What to produce
The required output is the exact run of lines below that opens at the line with "-杜尚rooftop露台酒吧" and closes at the line with "Kementerian ATR/BPN Dorong".

Stored data
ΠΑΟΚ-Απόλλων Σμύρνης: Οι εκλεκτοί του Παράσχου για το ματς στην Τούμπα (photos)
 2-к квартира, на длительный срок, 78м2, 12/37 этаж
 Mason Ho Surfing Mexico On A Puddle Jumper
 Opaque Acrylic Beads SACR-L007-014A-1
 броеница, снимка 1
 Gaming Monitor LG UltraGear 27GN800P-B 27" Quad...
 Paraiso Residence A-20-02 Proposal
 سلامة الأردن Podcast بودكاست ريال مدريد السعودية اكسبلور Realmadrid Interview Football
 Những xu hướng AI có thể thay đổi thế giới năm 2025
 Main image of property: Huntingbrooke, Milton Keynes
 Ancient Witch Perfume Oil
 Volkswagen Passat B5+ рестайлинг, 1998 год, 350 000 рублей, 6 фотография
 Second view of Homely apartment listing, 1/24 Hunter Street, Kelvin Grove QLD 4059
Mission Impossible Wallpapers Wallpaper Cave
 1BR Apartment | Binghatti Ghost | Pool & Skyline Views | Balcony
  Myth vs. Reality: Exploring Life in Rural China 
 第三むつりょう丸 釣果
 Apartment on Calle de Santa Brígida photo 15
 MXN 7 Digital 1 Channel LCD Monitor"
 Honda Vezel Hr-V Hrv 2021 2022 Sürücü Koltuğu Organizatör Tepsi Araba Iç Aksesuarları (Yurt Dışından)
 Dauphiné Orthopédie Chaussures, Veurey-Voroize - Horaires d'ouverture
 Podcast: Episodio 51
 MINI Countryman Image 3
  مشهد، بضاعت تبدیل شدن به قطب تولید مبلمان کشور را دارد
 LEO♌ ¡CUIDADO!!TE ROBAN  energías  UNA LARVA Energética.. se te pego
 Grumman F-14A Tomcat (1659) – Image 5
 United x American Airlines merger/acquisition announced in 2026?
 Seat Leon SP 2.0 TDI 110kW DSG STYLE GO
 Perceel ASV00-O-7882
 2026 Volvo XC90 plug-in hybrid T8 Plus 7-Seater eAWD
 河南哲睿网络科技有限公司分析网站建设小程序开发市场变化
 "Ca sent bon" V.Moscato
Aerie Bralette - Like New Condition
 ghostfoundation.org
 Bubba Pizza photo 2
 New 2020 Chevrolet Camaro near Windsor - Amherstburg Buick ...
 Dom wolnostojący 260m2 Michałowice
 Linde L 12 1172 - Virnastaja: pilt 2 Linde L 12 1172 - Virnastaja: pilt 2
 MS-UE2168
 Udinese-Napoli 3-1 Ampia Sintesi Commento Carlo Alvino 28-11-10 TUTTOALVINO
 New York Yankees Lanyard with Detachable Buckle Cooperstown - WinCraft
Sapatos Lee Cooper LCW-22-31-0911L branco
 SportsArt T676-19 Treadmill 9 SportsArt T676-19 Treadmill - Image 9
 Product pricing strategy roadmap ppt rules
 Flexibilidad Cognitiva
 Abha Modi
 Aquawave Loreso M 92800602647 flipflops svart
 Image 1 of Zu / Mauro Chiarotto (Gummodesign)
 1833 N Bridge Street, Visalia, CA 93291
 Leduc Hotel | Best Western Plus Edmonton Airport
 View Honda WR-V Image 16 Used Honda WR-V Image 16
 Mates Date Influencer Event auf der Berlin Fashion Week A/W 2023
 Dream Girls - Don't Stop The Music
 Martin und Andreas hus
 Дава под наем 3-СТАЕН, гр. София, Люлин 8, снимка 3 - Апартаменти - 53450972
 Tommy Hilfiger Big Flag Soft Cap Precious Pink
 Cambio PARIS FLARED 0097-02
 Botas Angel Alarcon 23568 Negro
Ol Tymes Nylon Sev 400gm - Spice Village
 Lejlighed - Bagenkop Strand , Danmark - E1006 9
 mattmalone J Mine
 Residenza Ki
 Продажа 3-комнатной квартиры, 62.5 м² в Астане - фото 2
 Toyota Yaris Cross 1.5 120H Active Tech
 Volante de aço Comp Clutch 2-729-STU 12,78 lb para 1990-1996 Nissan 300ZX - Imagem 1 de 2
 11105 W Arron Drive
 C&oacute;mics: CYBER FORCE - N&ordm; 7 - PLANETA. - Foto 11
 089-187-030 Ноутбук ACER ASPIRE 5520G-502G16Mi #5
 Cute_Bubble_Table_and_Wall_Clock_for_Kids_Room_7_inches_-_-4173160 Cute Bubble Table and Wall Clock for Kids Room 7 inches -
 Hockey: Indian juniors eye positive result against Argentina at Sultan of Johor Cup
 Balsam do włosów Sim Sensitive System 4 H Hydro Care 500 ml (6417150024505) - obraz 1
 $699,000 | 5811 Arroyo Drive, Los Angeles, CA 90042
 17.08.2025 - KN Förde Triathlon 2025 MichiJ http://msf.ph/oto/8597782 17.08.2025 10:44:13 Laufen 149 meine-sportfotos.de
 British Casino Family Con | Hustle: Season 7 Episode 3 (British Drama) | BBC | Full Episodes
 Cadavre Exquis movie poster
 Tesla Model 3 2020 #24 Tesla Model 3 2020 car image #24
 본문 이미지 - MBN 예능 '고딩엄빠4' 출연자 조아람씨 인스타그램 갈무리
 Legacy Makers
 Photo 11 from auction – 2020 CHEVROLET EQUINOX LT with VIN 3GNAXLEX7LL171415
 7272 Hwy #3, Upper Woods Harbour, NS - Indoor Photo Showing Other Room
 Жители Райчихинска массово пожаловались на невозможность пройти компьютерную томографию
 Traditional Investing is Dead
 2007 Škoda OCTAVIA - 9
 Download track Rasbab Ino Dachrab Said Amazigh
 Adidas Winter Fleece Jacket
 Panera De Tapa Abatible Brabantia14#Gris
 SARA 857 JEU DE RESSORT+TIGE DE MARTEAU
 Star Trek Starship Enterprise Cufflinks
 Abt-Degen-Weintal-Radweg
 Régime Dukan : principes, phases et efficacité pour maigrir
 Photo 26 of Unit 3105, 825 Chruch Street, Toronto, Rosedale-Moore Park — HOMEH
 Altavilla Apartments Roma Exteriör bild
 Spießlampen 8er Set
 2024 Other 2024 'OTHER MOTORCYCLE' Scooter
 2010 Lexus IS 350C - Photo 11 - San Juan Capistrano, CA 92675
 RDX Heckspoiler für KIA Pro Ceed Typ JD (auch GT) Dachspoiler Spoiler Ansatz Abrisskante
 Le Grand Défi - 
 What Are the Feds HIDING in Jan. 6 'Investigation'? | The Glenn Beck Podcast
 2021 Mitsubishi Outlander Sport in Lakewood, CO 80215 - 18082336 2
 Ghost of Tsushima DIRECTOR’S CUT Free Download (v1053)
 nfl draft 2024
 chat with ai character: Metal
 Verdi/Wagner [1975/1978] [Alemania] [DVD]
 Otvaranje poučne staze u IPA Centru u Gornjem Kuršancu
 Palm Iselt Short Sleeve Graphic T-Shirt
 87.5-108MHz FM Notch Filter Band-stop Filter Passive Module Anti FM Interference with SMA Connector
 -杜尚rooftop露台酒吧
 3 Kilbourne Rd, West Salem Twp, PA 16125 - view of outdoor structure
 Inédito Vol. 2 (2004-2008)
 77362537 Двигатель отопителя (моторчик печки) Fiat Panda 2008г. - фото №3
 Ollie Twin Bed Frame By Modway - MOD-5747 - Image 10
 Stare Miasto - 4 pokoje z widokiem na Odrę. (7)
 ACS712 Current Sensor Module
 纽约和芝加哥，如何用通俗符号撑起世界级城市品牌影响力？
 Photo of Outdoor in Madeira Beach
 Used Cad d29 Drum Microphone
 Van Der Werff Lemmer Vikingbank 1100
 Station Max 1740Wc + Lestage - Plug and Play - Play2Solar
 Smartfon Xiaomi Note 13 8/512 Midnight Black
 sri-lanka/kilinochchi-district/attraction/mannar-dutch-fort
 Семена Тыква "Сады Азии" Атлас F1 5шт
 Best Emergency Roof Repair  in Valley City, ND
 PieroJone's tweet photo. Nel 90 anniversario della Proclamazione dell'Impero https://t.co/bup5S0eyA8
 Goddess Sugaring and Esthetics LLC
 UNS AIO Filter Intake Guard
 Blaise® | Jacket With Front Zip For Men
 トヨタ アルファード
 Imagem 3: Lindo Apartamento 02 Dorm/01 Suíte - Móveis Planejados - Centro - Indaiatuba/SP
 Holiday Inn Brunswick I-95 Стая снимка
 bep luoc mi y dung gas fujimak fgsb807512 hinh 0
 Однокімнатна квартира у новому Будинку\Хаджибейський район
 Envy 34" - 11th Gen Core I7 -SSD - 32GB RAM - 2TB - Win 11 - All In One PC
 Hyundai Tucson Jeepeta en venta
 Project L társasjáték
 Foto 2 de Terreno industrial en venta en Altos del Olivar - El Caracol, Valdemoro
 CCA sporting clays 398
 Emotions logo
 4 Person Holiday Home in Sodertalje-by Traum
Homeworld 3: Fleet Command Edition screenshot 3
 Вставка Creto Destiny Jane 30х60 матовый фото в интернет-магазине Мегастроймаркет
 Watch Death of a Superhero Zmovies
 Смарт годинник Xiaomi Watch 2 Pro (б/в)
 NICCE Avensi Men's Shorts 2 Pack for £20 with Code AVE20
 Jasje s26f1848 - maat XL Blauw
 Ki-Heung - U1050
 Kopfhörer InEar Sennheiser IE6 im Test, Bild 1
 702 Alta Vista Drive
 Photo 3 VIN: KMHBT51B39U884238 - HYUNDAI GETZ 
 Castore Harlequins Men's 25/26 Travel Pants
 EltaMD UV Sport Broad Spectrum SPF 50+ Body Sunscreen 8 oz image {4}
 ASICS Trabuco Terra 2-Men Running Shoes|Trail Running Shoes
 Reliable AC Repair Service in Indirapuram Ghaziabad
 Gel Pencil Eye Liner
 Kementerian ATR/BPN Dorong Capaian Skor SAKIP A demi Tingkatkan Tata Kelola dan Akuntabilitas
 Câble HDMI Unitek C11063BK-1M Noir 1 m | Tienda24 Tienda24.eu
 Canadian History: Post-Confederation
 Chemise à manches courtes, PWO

Task solution
 -杜尚rooftop露台酒吧
 3 Kilbourne Rd, West Salem Twp, PA 16125 - view of outdoor structure
 Inédito Vol. 2 (2004-2008)
 77362537 Двигатель отопителя (моторчик печки) Fiat Panda 2008г. - фото №3
 Ollie Twin Bed Frame By Modway - MOD-5747 - Image 10
 Stare Miasto - 4 pokoje z widokiem na Odrę. (7)
 ACS712 Current Sensor Module
 纽约和芝加哥，如何用通俗符号撑起世界级城市品牌影响力？
 Photo of Outdoor in Madeira Beach
 Used Cad d29 Drum Microphone
 Van Der Werff Lemmer Vikingbank 1100
 Station Max 1740Wc + Lestage - Plug and Play - Play2Solar
 Smartfon Xiaomi Note 13 8/512 Midnight Black
 sri-lanka/kilinochchi-district/attraction/mannar-dutch-fort
 Семена Тыква "Сады Азии" Атлас F1 5шт
 Best Emergency Roof Repair  in Valley City, ND
 PieroJone's tweet photo. Nel 90 anniversario della Proclamazione dell'Impero https://t.co/bup5S0eyA8
 Goddess Sugaring and Esthetics LLC
 UNS AIO Filter Intake Guard
 Blaise® | Jacket With Front Zip For Men
 トヨタ アルファード
 Imagem 3: Lindo Apartamento 02 Dorm/01 Suíte - Móveis Planejados - Centro - Indaiatuba/SP
 Holiday Inn Brunswick I-95 Стая снимка
 bep luoc mi y dung gas fujimak fgsb807512 hinh 0
 Однокімнатна квартира у новому Будинку\Хаджибейський район
 Envy 34" - 11th Gen Core I7 -SSD - 32GB RAM - 2TB - Win 11 - All In One PC
 Hyundai Tucson Jeepeta en venta
 Project L társasjáték
 Foto 2 de Terreno industrial en venta en Altos del Olivar - El Caracol, Valdemoro
 CCA sporting clays 398
 Emotions logo
 4 Person Holiday Home in Sodertalje-by Traum
Homeworld 3: Fleet Command Edition screenshot 3
 Вставка Creto Destiny Jane 30х60 матовый фото в интернет-магазине Мегастроймаркет
 Watch Death of a Superhero Zmovies
 Смарт годинник Xiaomi Watch 2 Pro (б/в)
 NICCE Avensi Men's Shorts 2 Pack for £20 with Code AVE20
 Jasje s26f1848 - maat XL Blauw
 Ki-Heung - U1050
 Kopfhörer InEar Sennheiser IE6 im Test, Bild 1
 702 Alta Vista Drive
 Photo 3 VIN: KMHBT51B39U884238 - HYUNDAI GETZ 
 Castore Harlequins Men's 25/26 Travel Pants
 EltaMD UV Sport Broad Spectrum SPF 50+ Body Sunscreen 8 oz image {4}
 ASICS Trabuco Terra 2-Men Running Shoes|Trail Running Shoes
 Reliable AC Repair Service in Indirapuram Ghaziabad
 Gel Pencil Eye Liner
 Kementerian ATR/BPN Dorong Capaian Skor SAKIP A demi Tingkatkan Tata Kelola dan Akuntabilitas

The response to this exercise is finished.